----- Material shown

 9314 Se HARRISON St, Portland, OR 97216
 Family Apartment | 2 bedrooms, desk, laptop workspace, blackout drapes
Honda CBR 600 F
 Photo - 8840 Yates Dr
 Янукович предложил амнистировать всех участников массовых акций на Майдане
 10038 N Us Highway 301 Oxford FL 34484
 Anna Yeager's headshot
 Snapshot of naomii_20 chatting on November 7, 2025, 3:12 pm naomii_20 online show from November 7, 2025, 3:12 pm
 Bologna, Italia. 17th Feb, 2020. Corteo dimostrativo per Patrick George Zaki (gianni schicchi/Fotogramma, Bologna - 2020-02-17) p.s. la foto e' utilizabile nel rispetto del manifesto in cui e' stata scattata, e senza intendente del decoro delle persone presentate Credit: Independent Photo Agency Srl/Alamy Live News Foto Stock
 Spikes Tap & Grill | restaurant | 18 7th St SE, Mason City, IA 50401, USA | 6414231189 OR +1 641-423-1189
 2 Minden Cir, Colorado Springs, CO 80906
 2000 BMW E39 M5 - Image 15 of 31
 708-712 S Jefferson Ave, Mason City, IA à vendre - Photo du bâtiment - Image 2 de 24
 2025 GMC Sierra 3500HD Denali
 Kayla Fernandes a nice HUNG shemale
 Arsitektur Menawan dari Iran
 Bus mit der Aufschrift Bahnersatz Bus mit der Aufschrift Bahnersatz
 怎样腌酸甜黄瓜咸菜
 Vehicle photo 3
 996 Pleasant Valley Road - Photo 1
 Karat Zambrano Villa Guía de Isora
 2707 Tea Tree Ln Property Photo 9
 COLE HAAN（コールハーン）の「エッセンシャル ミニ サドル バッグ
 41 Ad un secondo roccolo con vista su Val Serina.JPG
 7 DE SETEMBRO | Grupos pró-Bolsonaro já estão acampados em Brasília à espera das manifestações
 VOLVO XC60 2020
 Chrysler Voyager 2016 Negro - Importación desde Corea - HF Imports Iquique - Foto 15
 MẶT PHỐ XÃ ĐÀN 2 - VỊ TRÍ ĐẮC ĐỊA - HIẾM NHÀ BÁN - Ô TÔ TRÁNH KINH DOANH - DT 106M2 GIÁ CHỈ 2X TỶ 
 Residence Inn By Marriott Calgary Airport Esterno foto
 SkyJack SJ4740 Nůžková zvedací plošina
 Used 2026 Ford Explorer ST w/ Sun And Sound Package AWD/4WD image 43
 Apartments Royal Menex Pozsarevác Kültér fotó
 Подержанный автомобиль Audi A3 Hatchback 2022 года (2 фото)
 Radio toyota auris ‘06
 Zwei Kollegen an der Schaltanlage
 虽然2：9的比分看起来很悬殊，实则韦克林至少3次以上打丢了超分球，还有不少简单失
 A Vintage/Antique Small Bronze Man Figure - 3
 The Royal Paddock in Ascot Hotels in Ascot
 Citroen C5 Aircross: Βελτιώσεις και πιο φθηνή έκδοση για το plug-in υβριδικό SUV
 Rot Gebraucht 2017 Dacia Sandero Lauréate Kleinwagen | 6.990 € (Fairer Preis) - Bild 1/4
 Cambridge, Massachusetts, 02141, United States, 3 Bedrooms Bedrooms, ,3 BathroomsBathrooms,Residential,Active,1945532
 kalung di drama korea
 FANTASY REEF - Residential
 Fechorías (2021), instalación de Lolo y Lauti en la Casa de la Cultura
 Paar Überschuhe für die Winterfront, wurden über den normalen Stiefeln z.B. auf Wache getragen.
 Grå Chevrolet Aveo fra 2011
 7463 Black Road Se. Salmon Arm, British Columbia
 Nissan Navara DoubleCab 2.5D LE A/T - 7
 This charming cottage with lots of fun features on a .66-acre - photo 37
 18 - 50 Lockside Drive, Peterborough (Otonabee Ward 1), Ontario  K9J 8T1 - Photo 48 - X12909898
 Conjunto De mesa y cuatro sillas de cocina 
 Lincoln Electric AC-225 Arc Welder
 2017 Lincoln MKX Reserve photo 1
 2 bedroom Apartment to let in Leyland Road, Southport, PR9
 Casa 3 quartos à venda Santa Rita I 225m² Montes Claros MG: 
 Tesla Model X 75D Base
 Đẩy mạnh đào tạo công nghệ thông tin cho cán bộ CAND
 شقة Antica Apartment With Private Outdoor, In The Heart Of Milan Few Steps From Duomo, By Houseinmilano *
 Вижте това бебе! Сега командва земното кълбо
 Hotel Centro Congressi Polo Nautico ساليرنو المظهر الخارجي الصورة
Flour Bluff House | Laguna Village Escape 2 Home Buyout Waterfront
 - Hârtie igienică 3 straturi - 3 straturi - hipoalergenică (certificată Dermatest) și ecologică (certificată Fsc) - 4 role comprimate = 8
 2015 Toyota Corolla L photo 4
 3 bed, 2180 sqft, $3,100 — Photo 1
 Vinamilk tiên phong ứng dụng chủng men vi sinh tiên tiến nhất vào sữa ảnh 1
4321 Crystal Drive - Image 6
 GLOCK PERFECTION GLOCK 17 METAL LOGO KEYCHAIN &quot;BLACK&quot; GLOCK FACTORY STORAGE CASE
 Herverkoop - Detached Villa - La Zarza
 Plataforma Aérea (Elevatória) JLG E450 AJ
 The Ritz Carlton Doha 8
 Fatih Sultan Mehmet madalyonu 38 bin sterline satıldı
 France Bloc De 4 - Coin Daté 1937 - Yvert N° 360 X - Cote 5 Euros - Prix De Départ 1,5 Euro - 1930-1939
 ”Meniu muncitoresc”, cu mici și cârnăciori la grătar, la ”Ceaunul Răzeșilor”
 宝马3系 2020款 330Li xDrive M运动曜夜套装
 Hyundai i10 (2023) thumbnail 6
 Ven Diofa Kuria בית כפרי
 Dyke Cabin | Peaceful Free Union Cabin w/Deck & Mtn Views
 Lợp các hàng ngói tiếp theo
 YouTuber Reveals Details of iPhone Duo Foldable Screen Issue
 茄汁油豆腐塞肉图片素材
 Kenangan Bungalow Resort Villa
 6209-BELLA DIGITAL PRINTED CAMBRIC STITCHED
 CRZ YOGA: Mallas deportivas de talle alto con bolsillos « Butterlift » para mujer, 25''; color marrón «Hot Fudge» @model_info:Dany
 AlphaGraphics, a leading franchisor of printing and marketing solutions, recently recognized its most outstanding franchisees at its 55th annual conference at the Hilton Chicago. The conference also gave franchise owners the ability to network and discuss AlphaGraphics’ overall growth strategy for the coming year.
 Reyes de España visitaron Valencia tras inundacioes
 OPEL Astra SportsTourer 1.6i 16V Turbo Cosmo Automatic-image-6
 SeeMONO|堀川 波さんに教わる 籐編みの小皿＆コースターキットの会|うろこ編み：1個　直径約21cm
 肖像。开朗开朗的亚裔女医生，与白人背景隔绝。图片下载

----------

(Task item)
A verbatim copy of the listing is to be returned in full.

(Completed task)
 9314 Se HARRISON St, Portland, OR 97216
 Family Apartment | 2 bedrooms, desk, laptop workspace, blackout drapes
Honda CBR 600 F
 Photo - 8840 Yates Dr
 Янукович предложил амнистировать всех участников массовых акций на Майдане
 10038 N Us Highway 301 Oxford FL 34484
 Anna Yeager's headshot
 Snapshot of naomii_20 chatting on November 7, 2025, 3:12 pm naomii_20 online show from November 7, 2025, 3:12 pm
 Bologna, Italia. 17th Feb, 2020. Corteo dimostrativo per Patrick George Zaki (gianni schicchi/Fotogramma, Bologna - 2020-02-17) p.s. la foto e' utilizabile nel rispetto del manifesto in cui e' stata scattata, e senza intendente del decoro delle persone presentate Credit: Independent Photo Agency Srl/Alamy Live News Foto Stock
 Spikes Tap & Grill | restaurant | 18 7th St SE, Mason City, IA 50401, USA | 6414231189 OR +1 641-423-1189
 2 Minden Cir, Colorado Springs, CO 80906
 2000 BMW E39 M5 - Image 15 of 31
 708-712 S Jefferson Ave, Mason City, IA à vendre - Photo du bâtiment - Image 2 de 24
 2025 GMC Sierra 3500HD Denali
 Kayla Fernandes a nice HUNG shemale
 Arsitektur Menawan dari Iran
 Bus mit der Aufschrift Bahnersatz Bus mit der Aufschrift Bahnersatz
 怎样腌酸甜黄瓜咸菜
 Vehicle photo 3
 996 Pleasant Valley Road - Photo 1
 Karat Zambrano Villa Guía de Isora
 2707 Tea Tree Ln Property Photo 9
 COLE HAAN（コールハーン）の「エッセンシャル ミニ サドル バッグ
 41 Ad un secondo roccolo con vista su Val Serina.JPG
 7 DE SETEMBRO | Grupos pró-Bolsonaro já estão acampados em Brasília à espera das manifestações
 VOLVO XC60 2020
 Chrysler Voyager 2016 Negro - Importación desde Corea - HF Imports Iquique - Foto 15
 MẶT PHỐ XÃ ĐÀN 2 - VỊ TRÍ ĐẮC ĐỊA - HIẾM NHÀ BÁN - Ô TÔ TRÁNH KINH DOANH - DT 106M2 GIÁ CHỈ 2X TỶ 
 Residence Inn By Marriott Calgary Airport Esterno foto
 SkyJack SJ4740 Nůžková zvedací plošina
 Used 2026 Ford Explorer ST w/ Sun And Sound Package AWD/4WD image 43
 Apartments Royal Menex Pozsarevác Kültér fotó
 Подержанный автомобиль Audi A3 Hatchback 2022 года (2 фото)
 Radio toyota auris ‘06
 Zwei Kollegen an der Schaltanlage
 虽然2：9的比分看起来很悬殊，实则韦克林至少3次以上打丢了超分球，还有不少简单失
 A Vintage/Antique Small Bronze Man Figure - 3
 The Royal Paddock in Ascot Hotels in Ascot
 Citroen C5 Aircross: Βελτιώσεις και πιο φθηνή έκδοση για το plug-in υβριδικό SUV
 Rot Gebraucht 2017 Dacia Sandero Lauréate Kleinwagen | 6.990 € (Fairer Preis) - Bild 1/4
 Cambridge, Massachusetts, 02141, United States, 3 Bedrooms Bedrooms, ,3 BathroomsBathrooms,Residential,Active,1945532
 kalung di drama korea
 FANTASY REEF - Residential
 Fechorías (2021), instalación de Lolo y Lauti en la Casa de la Cultura
 Paar Überschuhe für die Winterfront, wurden über den normalen Stiefeln z.B. auf Wache getragen.
 Grå Chevrolet Aveo fra 2011
 7463 Black Road Se. Salmon Arm, British Columbia
 Nissan Navara DoubleCab 2.5D LE A/T - 7
 This charming cottage with lots of fun features on a .66-acre - photo 37
 18 - 50 Lockside Drive, Peterborough (Otonabee Ward 1), Ontario  K9J 8T1 - Photo 48 - X12909898
 Conjunto De mesa y cuatro sillas de cocina 
 Lincoln Electric AC-225 Arc Welder
 2017 Lincoln MKX Reserve photo 1
 2 bedroom Apartment to let in Leyland Road, Southport, PR9
 Casa 3 quartos à venda Santa Rita I 225m² Montes Claros MG: 
 Tesla Model X 75D Base
 Đẩy mạnh đào tạo công nghệ thông tin cho cán bộ CAND
 شقة Antica Apartment With Private Outdoor, In The Heart Of Milan Few Steps From Duomo, By Houseinmilano *
 Вижте това бебе! Сега командва земното кълбо
 Hotel Centro Congressi Polo Nautico ساليرنو المظهر الخارجي الصورة
Flour Bluff House | Laguna Village Escape 2 Home Buyout Waterfront
 - Hârtie igienică 3 straturi - 3 straturi - hipoalergenică (certificată Dermatest) și ecologică (certificată Fsc) - 4 role comprimate = 8
 2015 Toyota Corolla L photo 4
 3 bed, 2180 sqft, $3,100 — Photo 1
 Vinamilk tiên phong ứng dụng chủng men vi sinh tiên tiến nhất vào sữa ảnh 1
4321 Crystal Drive - Image 6
 GLOCK PERFECTION GLOCK 17 METAL LOGO KEYCHAIN &quot;BLACK&quot; GLOCK FACTORY STORAGE CASE
 Herverkoop - Detached Villa - La Zarza
 Plataforma Aérea (Elevatória) JLG E450 AJ
 The Ritz Carlton Doha 8
 Fatih Sultan Mehmet madalyonu 38 bin sterline satıldı
 France Bloc De 4 - Coin Daté 1937 - Yvert N° 360 X - Cote 5 Euros - Prix De Départ 1,5 Euro - 1930-1939
 ”Meniu muncitoresc”, cu mici și cârnăciori la grătar, la ”Ceaunul Răzeșilor”
 宝马3系 2020款 330Li xDrive M运动曜夜套装
 Hyundai i10 (2023) thumbnail 6
 Ven Diofa Kuria בית כפרי
 Dyke Cabin | Peaceful Free Union Cabin w/Deck & Mtn Views
 Lợp các hàng ngói tiếp theo
 YouTuber Reveals Details of iPhone Duo Foldable Screen Issue
 茄汁油豆腐塞肉图片素材
 Kenangan Bungalow Resort Villa
 6209-BELLA DIGITAL PRINTED CAMBRIC STITCHED
 CRZ YOGA: Mallas deportivas de talle alto con bolsillos « Butterlift » para mujer, 25''; color marrón «Hot Fudge» @model_info:Dany
 AlphaGraphics, a leading franchisor of printing and marketing solutions, recently recognized its most outstanding franchisees at its 55th annual conference at the Hilton Chicago. The conference also gave franchise owners the ability to network and discuss AlphaGraphics’ overall growth strategy for the coming year.
 Reyes de España visitaron Valencia tras inundacioes
 OPEL Astra SportsTourer 1.6i 16V Turbo Cosmo Automatic-image-6
 SeeMONO|堀川 波さんに教わる 籐編みの小皿＆コースターキットの会|うろこ編み：1個　直径約21cm
 肖像。开朗开朗的亚裔女医生，与白人背景隔绝。图片下载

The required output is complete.